** Data below follows **
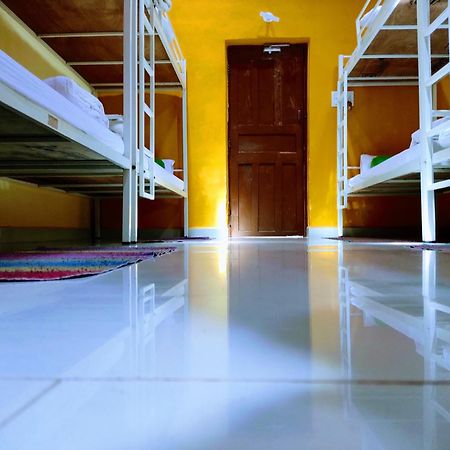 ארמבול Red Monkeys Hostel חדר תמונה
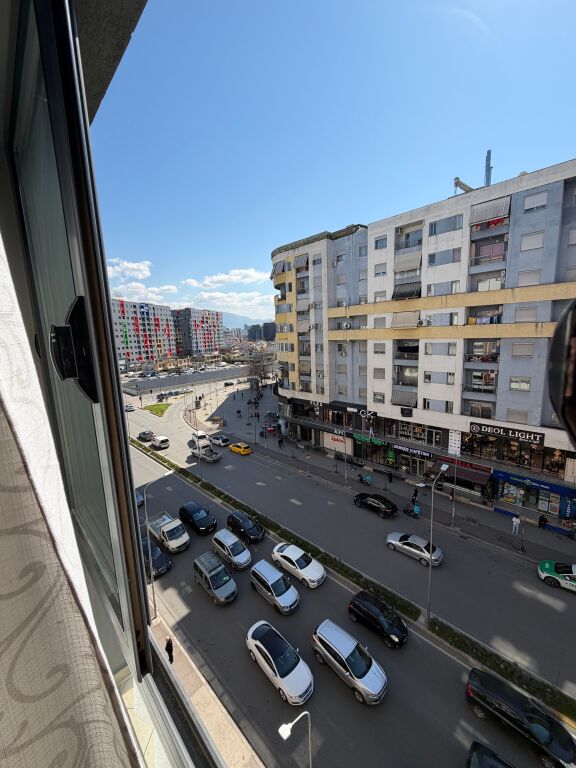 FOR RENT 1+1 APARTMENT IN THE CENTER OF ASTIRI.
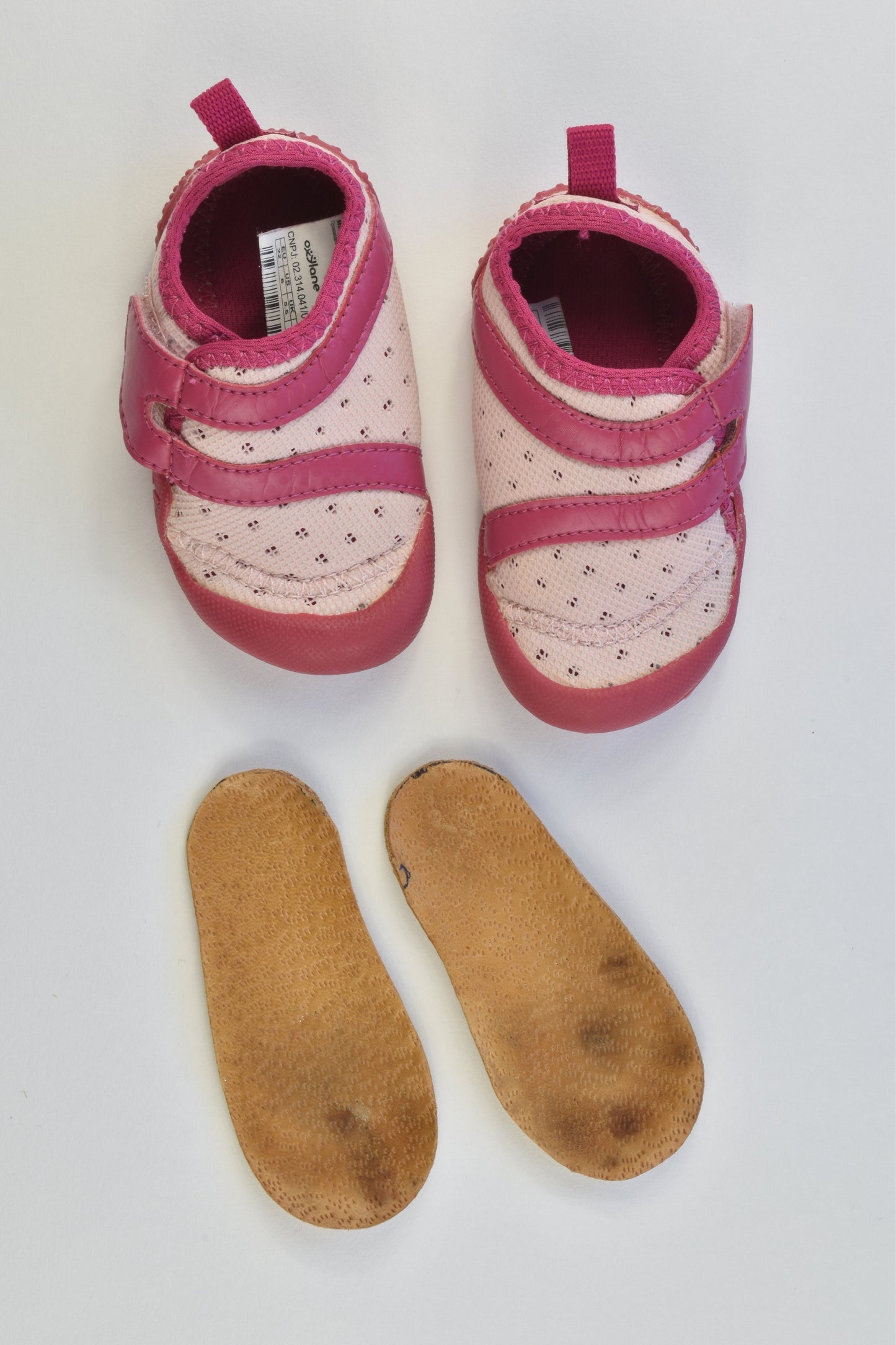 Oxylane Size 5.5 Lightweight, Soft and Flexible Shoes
** End of Data below **
**What the exercise asks**
Could you copy the listing exactly, leaving out any pictures?

**Completed task**
 ארמבול Red Monkeys Hostel חדר תמונה
 FOR RENT 1+1 APARTMENT IN THE CENTER OF ASTIRI.
 Oxylane Size 5.5 Lightweight, Soft and Flexible Shoes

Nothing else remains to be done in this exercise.